Marhaban Ya Remember
Setelah kesekian kalinya mengunjungi kota Den Haag yang juga dikenal sebagai the Hague (Inggris), La Haye (Perancis), La Haya (Spanyol, jangan-jangan salah satu nama anak Cak Nun terinspirasi dari nama ini?) yang secara harfiah mengandung arti “pagar”, atau juga Hofstad (kota istana), baru kemarin saya akhirnya menemukan gedung Theater De Regentes di bilangan Weimarstraat sebelah Barat Laut pusat kota Den Haag.
Ini bukan gedung teater sembarangan karena Prince Willem Alexander dan Princess Maxima juga menonton Romeo and Juliet di tempat ini. Dan di gedung teater yang sudah berdiri sejak 1920 dan sebelumnya merupakan indoor swimming and bathing facility terluas di Eropa inilah Kiaikanjeng mengawali aksi panggung mereka dalam rangkaian tur Voices & Visions pada Oktober 2008, yang oleh Mas Ian L. Betts sebut sebagai the Golden Experience.

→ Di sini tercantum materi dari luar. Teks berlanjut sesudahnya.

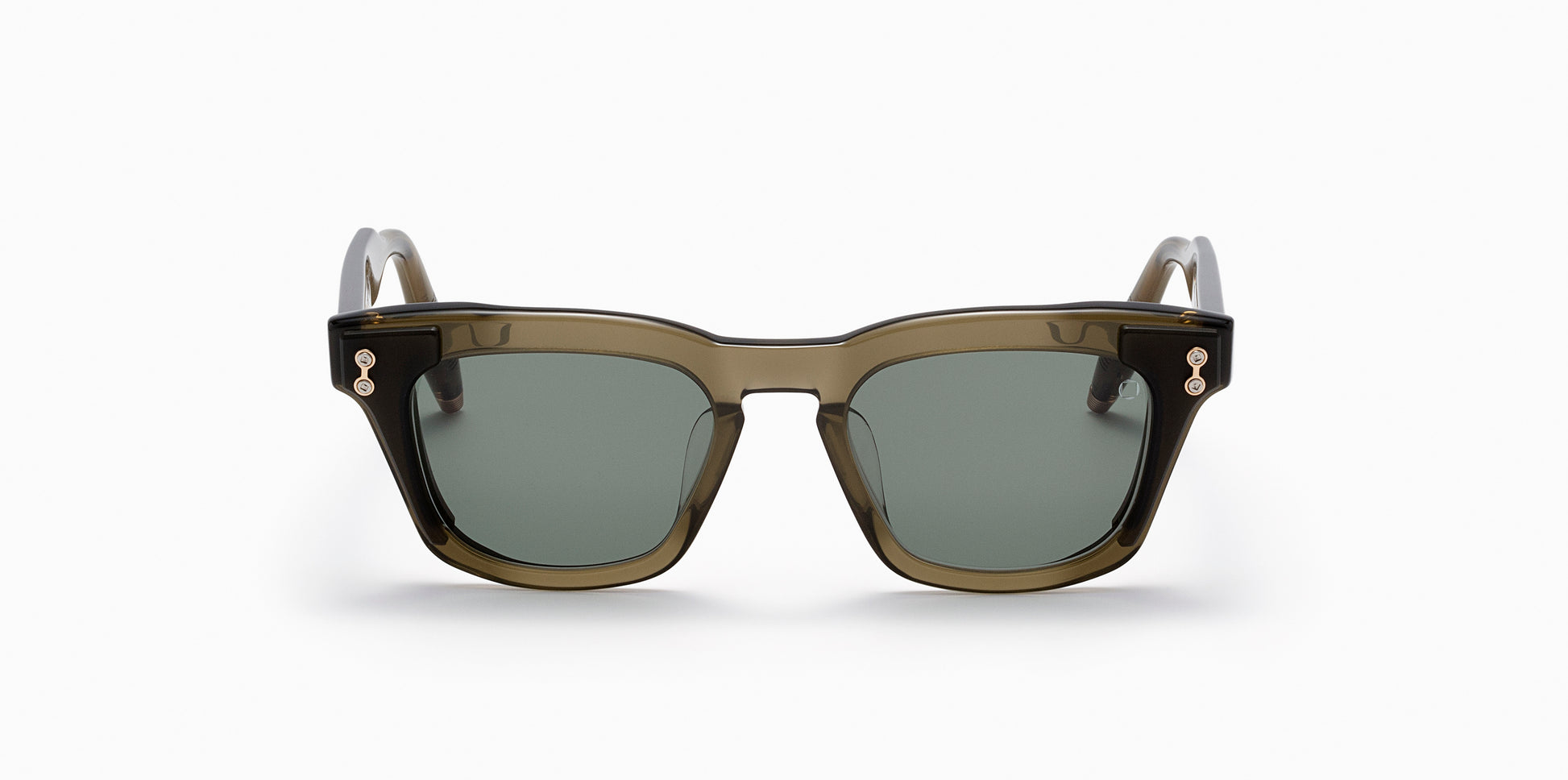 Akoni® Lyra - Designer Sunglasses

Yang menarik dari napak tilas Cak Nun dan Kiaikanjeng di Den Haag ini bagi saya bukan pada penampilan mereka di Gedung teater keren itu, tetapi pada dipilihnya lagu Marhaban yang kemudian mendapat maqom untuk di-videoclip-kan dan link-nya sudah di-upload di Youtube sejak 2012 lalu. Scene awal videoclip tersebut mengingatkan saya untuk segera pulang kampung setelah 9 bulan “Marhaban ya Amsterdam”.
Lirik lagu Marhaban ini singkat, hanya dua bait dengan nuansa dokumentasi acara awal Kiaikanjeng di Belanda yang penuh dengan kegembiraan namun sarat makna. Versi marhaban ini sangat berbeda dengan versi marhaban yang sudah populer dan banyak dinyanyikan orang, atau ala berjanjen (tradisi pembacaan dan senandung sholwat Mahalul Qiyam Al Barzanji ) yang sudah saya kenal sejak kecil sebagai kekayaan khazanah religius-kultural warga Nahdliyin di desa-desa di Wonosobo dan tanah Jawa pada umumnya.
Marhaban ahlan wa sahlan
Marhaban ya nuroz zaman
Marhaban ya nurol ‘aini
Marhaban jaddal husaini
Ya rosululloh salaamun ‘alaik
Ya rofi’asyani wad daroji
Athfatay ya jirotal ‘alamin
Ya uhailal judi wal karomi
Dua bait syair marhaban ini sebenarnya diinisiasi pertama kali oleh kaum Anshor di kota Madinah untuk menyambut tamu besar hijrahnya Rosulullah (pada bulan Juni tahun 622 Masehi) yang sekaligus menjadi awal ditetapkannya perhitungan tahun Hijriyah. Bagi umat Muslim di bumi Nusantara yang tidak diberi keberuntungan bertemu dan hidup di zaman Rasulullah, salah satu bentuk penyambutan, ungkapan terima kasih, dan ekspresi kerinduan itu ya dengan berjanjen itu tadi.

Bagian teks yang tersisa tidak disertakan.